How TJX Avoided Wall Street's Wrath

How TJX Avoided Wall Street's Wrath
How TJX Avoided Wall Street's Wrath 

By Thomas Wailgum
February 05, 2008

By the end of 2007, The TJX Companies, which owns T.J. Maxx, HomeGoods 
and Marshalls stores, had reported that approximately 100 million credit 
and debit card owners' information had been compromised by hackers, 
possibly dating back to 2003. The size and scope of the breach, as well 
as the lack of adequate security controls to mitigate the criminal 
activity, were breathtaking.

And yet Wall Street analysts didn't seem to care. In January 2007, when 
TJX first announced the "unauthorized intrusions," its stock traded 
around $29.The price hit a low of $26 in the spring as the scope of the 
breach expanded, but the stock price rebounded to a high of $32 in the 
fall. (In early February 2008, it was still trading around $32.)

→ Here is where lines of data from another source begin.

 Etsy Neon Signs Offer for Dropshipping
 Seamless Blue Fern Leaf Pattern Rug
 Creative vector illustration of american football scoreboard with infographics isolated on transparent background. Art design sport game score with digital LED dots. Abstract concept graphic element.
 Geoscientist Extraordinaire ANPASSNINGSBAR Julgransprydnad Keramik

In fact, the lack of financial fury by the analyst community was 
entirely predictable. Research from Emory University's Marketing 
Institute in 2006 found that when a company announces a security breach 
its stock price drops between 0.6 percent and 2.1 percent, which is 
usually not a huge hit to the bottom line.

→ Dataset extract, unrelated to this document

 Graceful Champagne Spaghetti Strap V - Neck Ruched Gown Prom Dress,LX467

To retail analyst Paula Rosenblum, a managing partner with Retail 
Systems Research, the reason why TJX was able to escape unscathed is 
simple: TJX's customers didn't care, so why should Wall Street.

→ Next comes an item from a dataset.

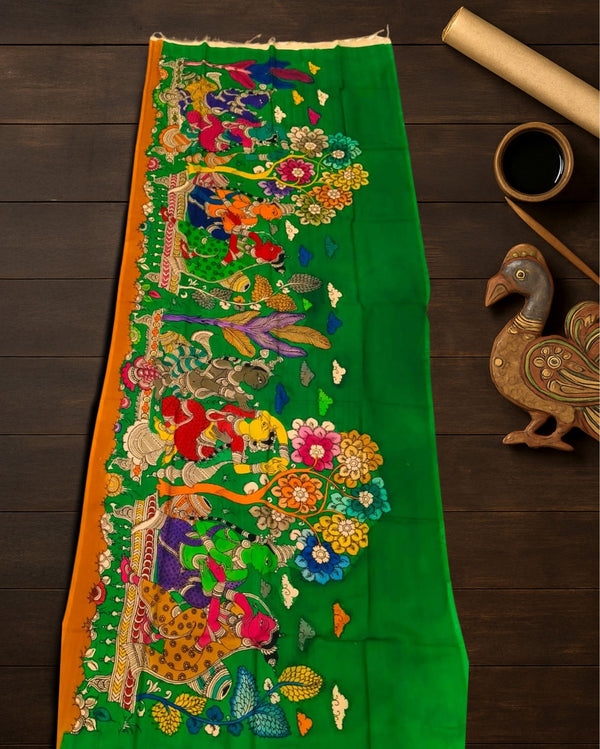 Indiehaat | Mangalagiri Handpainted Dupatta Green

"Sales continued to riseespecially same-store sales," a retail metric 
whose value trumps all else, she notes. "The fines that have been 
leveled against TJX metaphorically amount to a parking ticket, and even 
the most draconian statements by analysts that 'final costs may be a 
billion dollars' still borders on immaterial over a long enough time."

Another factor that saved TJX's stock price was the economy, says 
Patricia Edwards, a portfolio manager and managing director at 
Wentworth, Hauser and Violich who focuses on retail. "As we started to 
see cracks in the economy this past summer, all the department stores 
were making noises about too much inventory," Edwards says.

For TJX, economic conditions don't get any better than that because its 
stores feed off the inventory gluts of the department stores. "And when 
the economy gets rough, shoppers still want name-brand merchandise but 
at discount prices," Edwards says. "TJX delivers that in spades."

Now, as the economy seems even more unsettled than last summer, TJX 
seems well-positioned for the future. "Most of the lawsuits have been 
settled, the customers didn't blink, comparable store sales are up, 
earnings are on track and a down economy is always good for companies 
like TJX," Rosenblum says. "Why would Wall Street pummel them?"